In "The Thinking-Feeling of What Happens," philosopher Brian Massumi describes the process by which we experience objects in the world as one governed by relations saying, as Barnett does, we can only apprehend objects because of these relations and through our "lived experience" with them (Massumi 2008; Barnett 2011). Anthropologist Tim Ingold touches on this when he says that we are not in the world, but of it.
Oiticica's trajectory as an artist and the open-ended, multi-sensorial nature of Oiticica's installation, Tropicália, works as a material articulation of Ingold's "relational thinking" which reinserts humans into their proper place in the world: firmly planted on the ground, not as rational, detached observers, but as participants immersed in the action of relationship and perpetual becoming, action from which we cannot extricate ourselves.
Philosopher Bruno Latour calls this reinsertion a movement "sideways" into the "flow of experience" and a break with the "traditional face-to-face of subject and object," an ocular format (Bolton's locally constituted limit) that allows us to ignore our place in, as Oiticica phrased it, our "life process.”
Hélio Oiticica
Born in Rio in 1937, Oiticica was homeschooled until the age of eleven in a rich mix of the sciences, arts and humanities by his mother and by his father, who was an engineer, mathematician, entomologist and experimental photographer.
Frequent visitors to museums and art exhibitions, the Oiticica family was steeped in the burgeoning Rio cultural milieu of the 1940's and 1950's; an environment that gave rise to abstract avant-garde groups gathered around the art theorist Mário Pedrosa, who in 1948 wrote his thesis "On the Affective Nature of Form in the Work of Art.”
During this period Pedrosa and the poet Ferreira Gullar fed Brazil's radical alteration in thinking about art.

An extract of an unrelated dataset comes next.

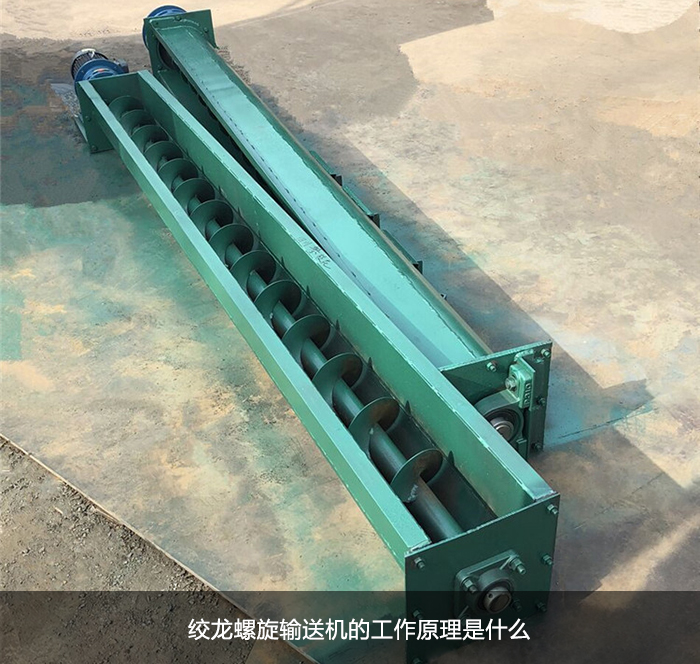 蛟龙香蕉视频下载地址链接图片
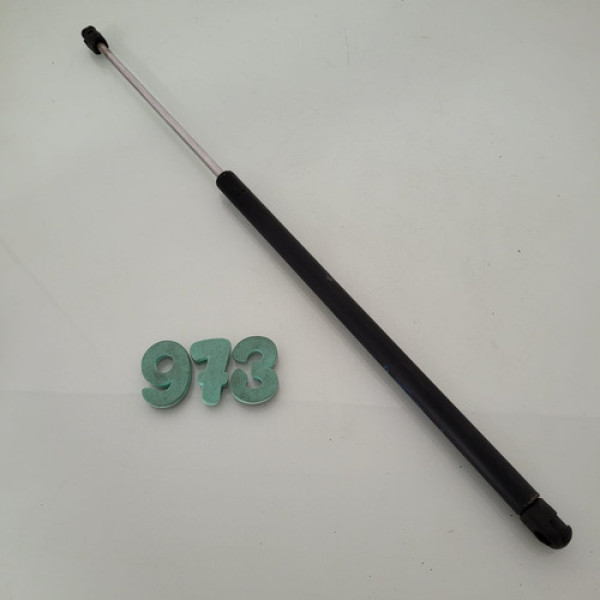 Amortecedor Tampa Traseira Renault Scenic Cx 973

Gullar's theories of the non-object[1]saw artwork as an "unforeseeable field of stimuli" in which the haptic and optic are in sync and the background for the non-object is part of a "spatial transformation" in which it is not an abstraction but an entity in the physical world.
[1]"Non-object" is a Neo-Concrete term that views structure as a living organism that can only be understood phenomenologically.

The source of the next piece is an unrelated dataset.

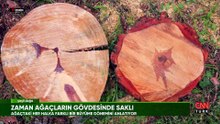 Yeşil Doğa orman gençleştirme çalışmalarını ekranlara taşıdı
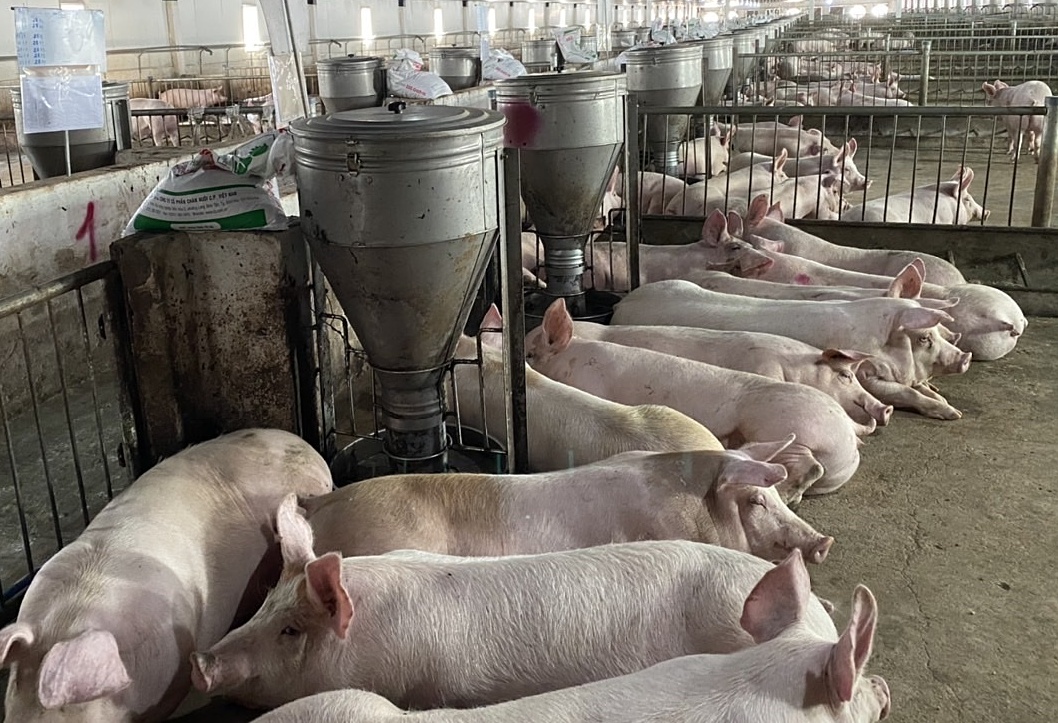 Giá lợn heo hơi hôm nay 6/9: Thị trường duy trì ổn định sau dịp nghỉ lễ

These ideas influenced Oiticicia who saw that "the idea does not exist outside of the object; it never did, there is only invention," and concluded that the background and idea for a work of art are elements in the world that can be experienced, as a "permanent state of invention."

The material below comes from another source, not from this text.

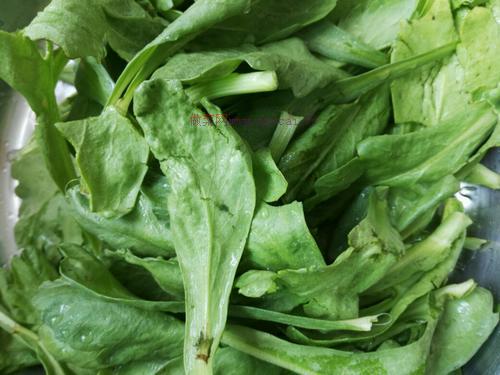 寶寶面條的做法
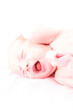 new born baby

No doubt influenced by his scientific and experimental photographer father, Oiticica's art can be viewed as a series of investigations that test energy, relation and connection. Beginning with the belief that color is a significant medium of exchange and an entity with autonomy outside of the painting, his early paintings were inspired by the work and theory of artists Kazimir Malevich and Piet Mondrian, and by Brazil's Neo-Concrete movement which explored the tension between structural boundaries of painting and time - "a sort of temporal subjectivity" that sought to release color from its bondage on the plane (Ramirez 2007).
Oiticica first explored these theoretical insights as a painter with Rio de Janeiro's Grupo Frente between 1955 and 1956, experiments which led to the "deconstruction of the grid" (Ramirez 2007). His Metaesquemas [Meta-Schemes] series and Bilaterais [Bilaterals] series, began to give color form.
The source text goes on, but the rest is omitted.